To their credit, we then got a sneak peak at the next generation of Flight Simulator, which definitely kicked butt graphics-wise. It was noticably sluggish however, which begs the question what the minimum systems requirements will be to get it to run well.
Next followed an announcement that MTV has partnered with Microsoft to create a music service called URGE, which from all appearances is a iTune/Rhapsody/Napster clone. To bolster their credibility, they brought out Justin Timberlake to say how snazy it is. I don't keep up with pop music trends, but my impression was that Timberlake was pretty much over his 15 minutes of fame. I guess Bono's deal with Apple would keep him from endorsing URGE.

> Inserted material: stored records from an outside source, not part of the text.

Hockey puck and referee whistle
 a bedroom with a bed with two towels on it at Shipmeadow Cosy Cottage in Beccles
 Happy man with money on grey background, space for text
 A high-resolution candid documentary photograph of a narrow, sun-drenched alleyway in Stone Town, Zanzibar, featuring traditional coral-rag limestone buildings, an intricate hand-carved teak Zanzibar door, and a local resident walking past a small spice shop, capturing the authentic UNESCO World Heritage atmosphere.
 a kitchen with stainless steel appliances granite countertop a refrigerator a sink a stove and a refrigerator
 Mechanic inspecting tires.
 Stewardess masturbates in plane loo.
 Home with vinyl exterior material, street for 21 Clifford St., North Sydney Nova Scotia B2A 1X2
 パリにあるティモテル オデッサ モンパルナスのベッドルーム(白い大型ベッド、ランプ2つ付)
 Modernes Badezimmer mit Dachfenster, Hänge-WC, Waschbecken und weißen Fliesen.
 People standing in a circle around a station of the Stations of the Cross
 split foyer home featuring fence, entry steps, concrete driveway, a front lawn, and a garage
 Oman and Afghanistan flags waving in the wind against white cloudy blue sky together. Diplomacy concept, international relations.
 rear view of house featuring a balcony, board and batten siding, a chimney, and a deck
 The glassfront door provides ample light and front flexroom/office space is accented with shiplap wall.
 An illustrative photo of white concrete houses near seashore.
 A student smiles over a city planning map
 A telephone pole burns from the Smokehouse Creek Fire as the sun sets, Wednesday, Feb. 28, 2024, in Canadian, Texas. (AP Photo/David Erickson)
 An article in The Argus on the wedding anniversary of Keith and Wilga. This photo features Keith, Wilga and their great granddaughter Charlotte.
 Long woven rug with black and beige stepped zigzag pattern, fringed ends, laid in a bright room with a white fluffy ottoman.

At this point, I'm going to summarize. A lot of what was talked about was how A) You could share your information about what TV shows you watch and what music you listen to with your friends (and Microsoft), and you'd get all sorts of neat benefits in return, and B) You'll be able to buy all sorts of neat content from Microsoft and it's partners, and it would all be nice and legal. A lot was made of how you'll be able to use a cable card with Windows Media Center to record high def premium and HDTV cable content, unspoken was the "if our DRM decides you should be allowed to" piece of the pie.
After the Gates talk, I headed over to the Tech Zone party, which was short on products to view but had a nice buzz. The one product they did have on display was an LCD display that features enhanced dynamic range. Unfortunately, what the display was best at demoing was why you should always ship your critical equipment very, very carefully.
I finished the evening over at a party for Fatal1ty, the professional video gamer. Again, not much to see, but some nice folks, good food, and a killer view of the city from the Foundation Room over at the Mandalay Bay.
Tommorow, the show floor opens. I should have lots of juicy Linux news to report, and some more photos of the nightlife at CES.